(Entries taken from a collection)
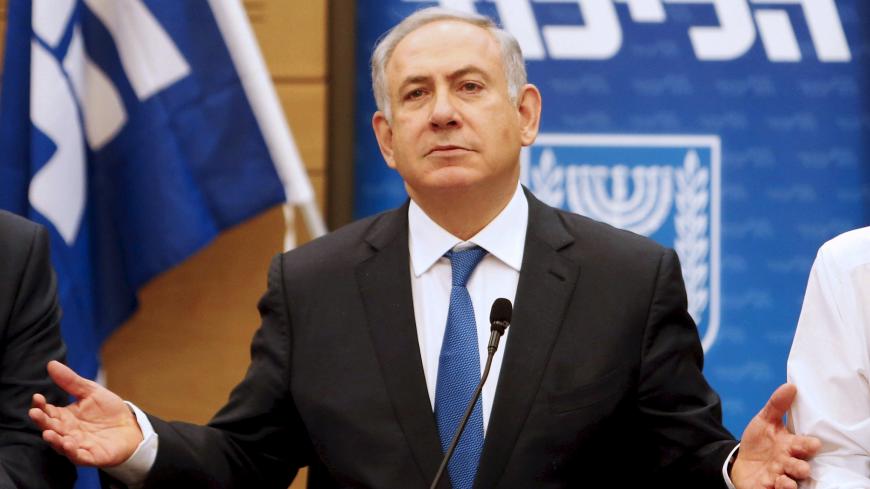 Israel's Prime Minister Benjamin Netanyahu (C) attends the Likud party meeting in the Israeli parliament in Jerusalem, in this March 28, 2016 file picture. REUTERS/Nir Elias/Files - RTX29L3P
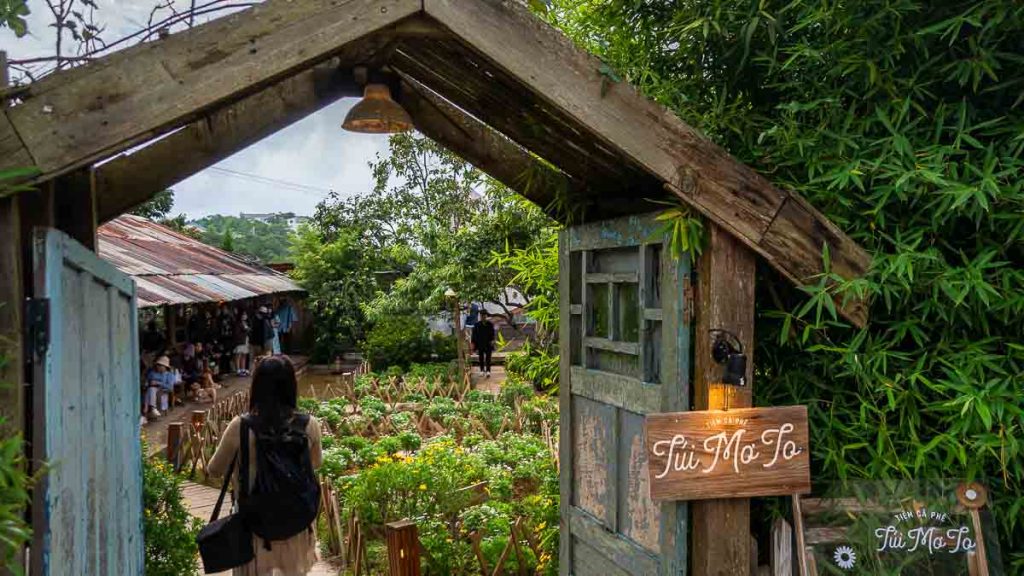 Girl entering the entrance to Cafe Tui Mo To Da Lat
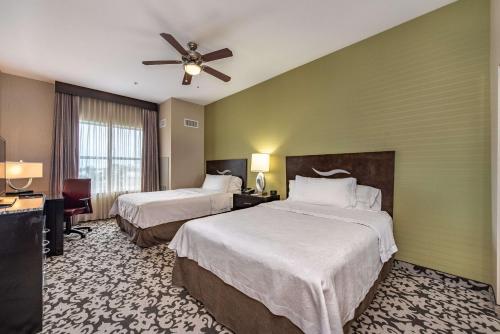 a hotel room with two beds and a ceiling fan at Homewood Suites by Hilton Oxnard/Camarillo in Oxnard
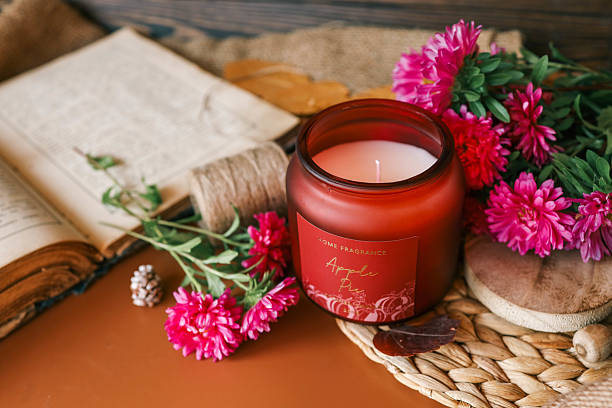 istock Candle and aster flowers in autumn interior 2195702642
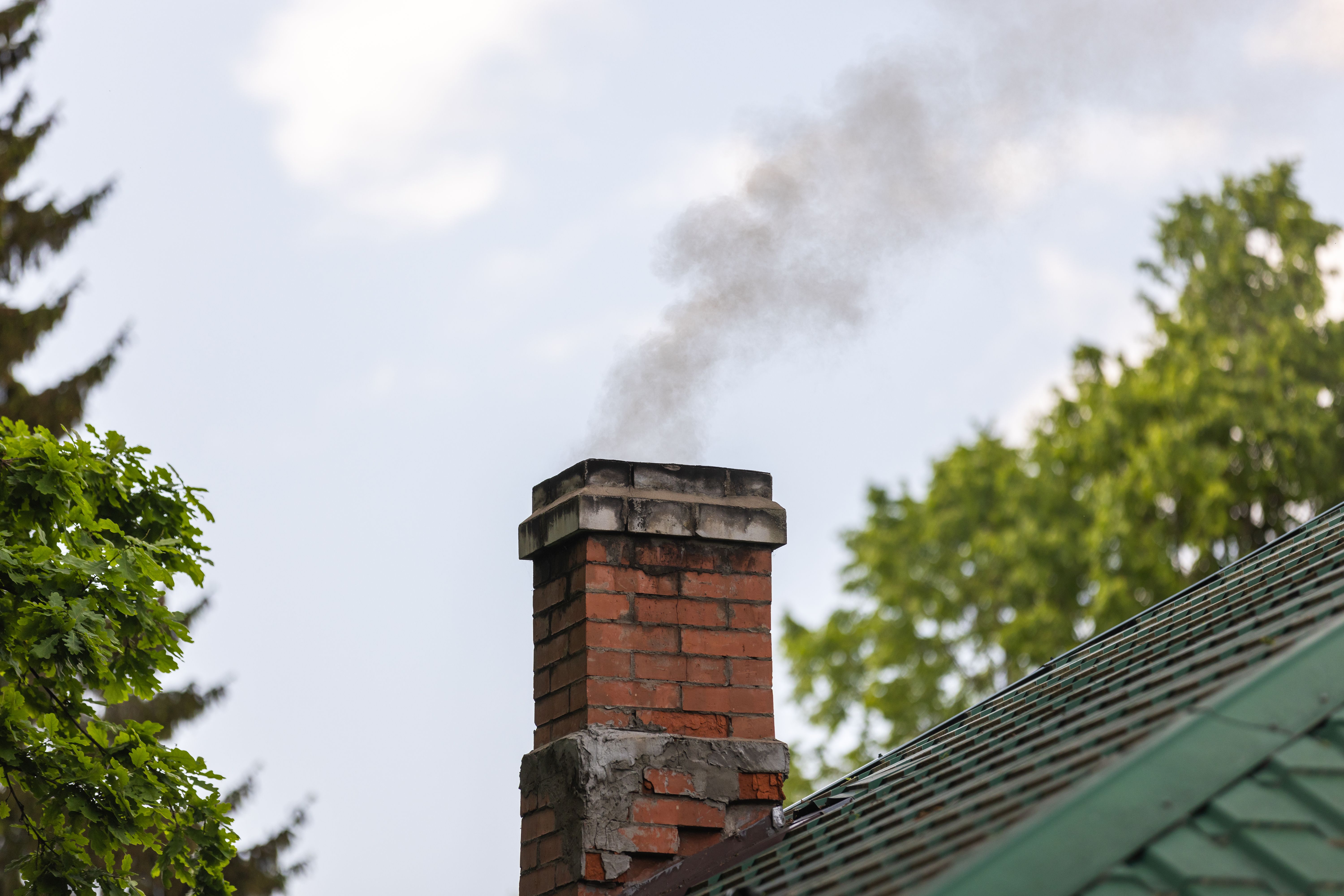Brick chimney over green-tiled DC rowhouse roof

**TASK STATEMENT**
Could you transcribe exactly the lines from the start of the records through the line containing "Girl entering the", both ends included, leaving the pictures out?

**SOLUTION TO THE EXERCISE**
 Israel's Prime Minister Benjamin Netanyahu (C) attends the Likud party meeting in the Israeli parliament in Jerusalem, in this March 28, 2016 file picture. REUTERS/Nir Elias/Files - RTX29L3P
 Girl entering the entrance to Cafe Tui Mo To Da Lat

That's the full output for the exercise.